(INPUT)
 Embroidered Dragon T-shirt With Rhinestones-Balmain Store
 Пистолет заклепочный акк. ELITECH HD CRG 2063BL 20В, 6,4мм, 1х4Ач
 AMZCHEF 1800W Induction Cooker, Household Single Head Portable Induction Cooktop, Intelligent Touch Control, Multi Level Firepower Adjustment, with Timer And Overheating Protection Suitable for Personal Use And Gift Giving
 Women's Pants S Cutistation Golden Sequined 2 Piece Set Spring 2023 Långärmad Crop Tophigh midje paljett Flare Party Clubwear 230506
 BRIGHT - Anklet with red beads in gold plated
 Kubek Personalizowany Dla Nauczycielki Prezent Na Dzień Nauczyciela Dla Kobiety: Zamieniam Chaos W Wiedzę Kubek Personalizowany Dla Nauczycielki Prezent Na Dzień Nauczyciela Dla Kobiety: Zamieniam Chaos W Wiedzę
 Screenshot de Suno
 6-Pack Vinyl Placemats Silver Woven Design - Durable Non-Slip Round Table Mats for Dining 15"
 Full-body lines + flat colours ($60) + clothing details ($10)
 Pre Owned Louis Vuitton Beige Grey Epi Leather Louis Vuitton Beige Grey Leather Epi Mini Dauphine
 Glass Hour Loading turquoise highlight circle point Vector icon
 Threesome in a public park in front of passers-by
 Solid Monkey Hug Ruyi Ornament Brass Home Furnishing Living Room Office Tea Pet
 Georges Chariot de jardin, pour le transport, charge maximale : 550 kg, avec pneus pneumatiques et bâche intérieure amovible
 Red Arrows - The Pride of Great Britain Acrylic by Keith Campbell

(WHAT TO WORK ON)
Every line above should be duplicated exactly as it stands.

(TASK RESULT)
 Embroidered Dragon T-shirt With Rhinestones-Balmain Store
 Пистолет заклепочный акк. ELITECH HD CRG 2063BL 20В, 6,4мм, 1х4Ач
 AMZCHEF 1800W Induction Cooker, Household Single Head Portable Induction Cooktop, Intelligent Touch Control, Multi Level Firepower Adjustment, with Timer And Overheating Protection Suitable for Personal Use And Gift Giving
 Women's Pants S Cutistation Golden Sequined 2 Piece Set Spring 2023 Långärmad Crop Tophigh midje paljett Flare Party Clubwear 230506
 BRIGHT - Anklet with red beads in gold plated
 Kubek Personalizowany Dla Nauczycielki Prezent Na Dzień Nauczyciela Dla Kobiety: Zamieniam Chaos W Wiedzę Kubek Personalizowany Dla Nauczycielki Prezent Na Dzień Nauczyciela Dla Kobiety: Zamieniam Chaos W Wiedzę
 Screenshot de Suno
 6-Pack Vinyl Placemats Silver Woven Design - Durable Non-Slip Round Table Mats for Dining 15"
 Full-body lines + flat colours ($60) + clothing details ($10)
 Pre Owned Louis Vuitton Beige Grey Epi Leather Louis Vuitton Beige Grey Leather Epi Mini Dauphine
 Glass Hour Loading turquoise highlight circle point Vector icon
 Threesome in a public park in front of passers-by
 Solid Monkey Hug Ruyi Ornament Brass Home Furnishing Living Room Office Tea Pet
 Georges Chariot de jardin, pour le transport, charge maximale : 550 kg, avec pneus pneumatiques et bâche intérieure amovible
 Red Arrows - The Pride of Great Britain Acrylic by Keith Campbell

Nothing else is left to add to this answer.